(Dataset records)
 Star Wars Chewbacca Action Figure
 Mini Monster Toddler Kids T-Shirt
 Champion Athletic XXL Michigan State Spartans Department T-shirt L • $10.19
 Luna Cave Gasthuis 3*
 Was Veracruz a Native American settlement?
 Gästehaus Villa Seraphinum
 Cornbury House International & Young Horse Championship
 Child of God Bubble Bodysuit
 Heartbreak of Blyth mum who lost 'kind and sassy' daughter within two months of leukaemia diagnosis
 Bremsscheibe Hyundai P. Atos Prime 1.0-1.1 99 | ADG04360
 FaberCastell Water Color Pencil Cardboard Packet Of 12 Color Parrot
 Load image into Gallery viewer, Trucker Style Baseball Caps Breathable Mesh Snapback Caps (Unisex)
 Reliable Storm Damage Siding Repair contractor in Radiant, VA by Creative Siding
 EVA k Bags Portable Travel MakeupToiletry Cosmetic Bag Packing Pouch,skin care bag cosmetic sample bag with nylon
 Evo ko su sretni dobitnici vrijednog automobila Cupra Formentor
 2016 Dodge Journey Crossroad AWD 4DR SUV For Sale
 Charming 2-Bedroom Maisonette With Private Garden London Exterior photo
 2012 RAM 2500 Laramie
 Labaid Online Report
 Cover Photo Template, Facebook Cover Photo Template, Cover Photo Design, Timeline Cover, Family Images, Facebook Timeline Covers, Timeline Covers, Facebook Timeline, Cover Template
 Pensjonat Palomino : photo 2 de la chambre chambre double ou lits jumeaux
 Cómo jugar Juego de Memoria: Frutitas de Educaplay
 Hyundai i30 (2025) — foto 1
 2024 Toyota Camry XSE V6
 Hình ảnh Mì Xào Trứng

* [TASK OBJECTIVE]:
This exercise requires that all of the entries be repeated exactly.

* [ANSWER SPACE]:
 Star Wars Chewbacca Action Figure
 Mini Monster Toddler Kids T-Shirt
 Champion Athletic XXL Michigan State Spartans Department T-shirt L • $10.19
 Luna Cave Gasthuis 3*
 Was Veracruz a Native American settlement?
 Gästehaus Villa Seraphinum
 Cornbury House International & Young Horse Championship
 Child of God Bubble Bodysuit
 Heartbreak of Blyth mum who lost 'kind and sassy' daughter within two months of leukaemia diagnosis
 Bremsscheibe Hyundai P. Atos Prime 1.0-1.1 99 | ADG04360
 FaberCastell Water Color Pencil Cardboard Packet Of 12 Color Parrot
 Load image into Gallery viewer, Trucker Style Baseball Caps Breathable Mesh Snapback Caps (Unisex)
 Reliable Storm Damage Siding Repair contractor in Radiant, VA by Creative Siding
 EVA k Bags Portable Travel MakeupToiletry Cosmetic Bag Packing Pouch,skin care bag cosmetic sample bag with nylon
 Evo ko su sretni dobitnici vrijednog automobila Cupra Formentor
 2016 Dodge Journey Crossroad AWD 4DR SUV For Sale
 Charming 2-Bedroom Maisonette With Private Garden London Exterior photo
 2012 RAM 2500 Laramie
 Labaid Online Report
 Cover Photo Template, Facebook Cover Photo Template, Cover Photo Design, Timeline Cover, Family Images, Facebook Timeline Covers, Timeline Covers, Facebook Timeline, Cover Template
 Pensjonat Palomino : photo 2 de la chambre chambre double ou lits jumeaux
 Cómo jugar Juego de Memoria: Frutitas de Educaplay
 Hyundai i30 (2025) — foto 1
 2024 Toyota Camry XSE V6
 Hình ảnh Mì Xào Trứng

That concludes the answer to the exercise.